By August 23, 2014 Blog

Books about successful technology companies are usually written by the entrepreneurs who founded the companies. It is truly remarkable for a book about a company which has grown from nothing to one of the largest computer companies in the world, written by an employee with a HR background and another employee with a diversity background. However, that is what we find with The Lenovo Way: Managing a Diverse Global Company for Optimal Performance, by Gina Qiao and Yolanda Conyers, suggesting that the key features of the company are at least as much tied up in its attitude towards employees and diversity as they are in the actual products the company sells.

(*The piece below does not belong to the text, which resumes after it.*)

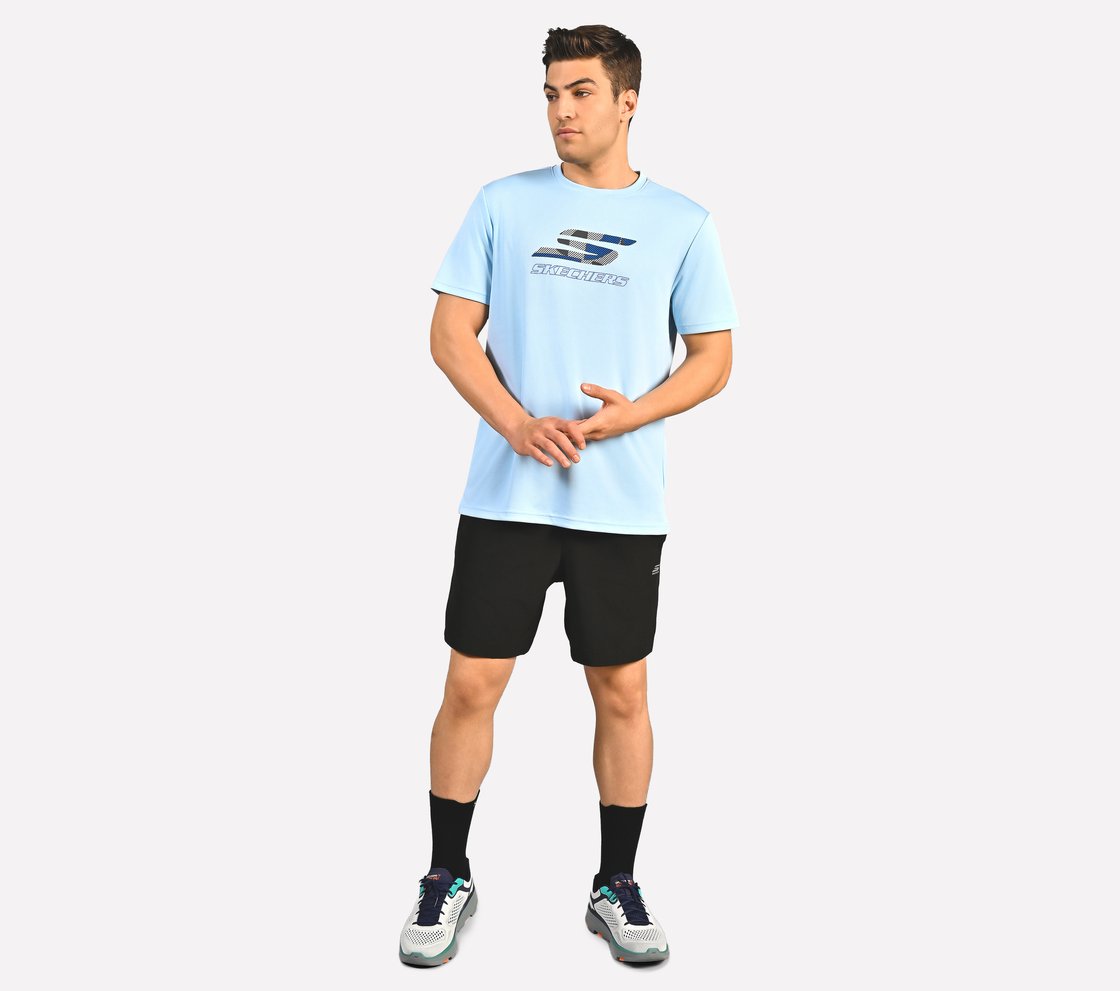LOGO GRAPHIC PRINT T-SHIRT, CHARCOAL/LT. BLUE Apparel Right View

The book describes a company which began with a group of Chinese scientists who had no commercial experience. Starting by renting out their expertise, then becoming distributors for international computer brands, then creating a Chinese-language motherboard, Legend Computers gradually grew to a position of dominance in the Chinese market before changing its English name to Lenovo and turning its ambitions towards a global market.

Many international companies have suffered culture shocks trying to take over Chinese companies; this book described the culture shocks Lenovo faced digesting the acquisition of the IBM personal computers business. A typical multinational company has a headquarters and dominant culture in one country; Lenovo has chosen not to pursue that route. It has adopted English as its language of businesses, requiring a significant sacrifice on the part of its founders and original staff. In different parts of the world, local culture prevails, rather than a monolithic head-office-imposed culture.

This book describes one way in which a truly international company can succeed, but it requires a lot of trust-building and willingness to sacrifice one’s own interests. According to the authors:

“We don’t just say nice words about cultural diversity; we live it. That is the Lenovo Way.”

Most US-Chinese business ventures fail because of cultural mismatch. This book demonstrates the extensive cultural work necessary for an East-West merger to succeed.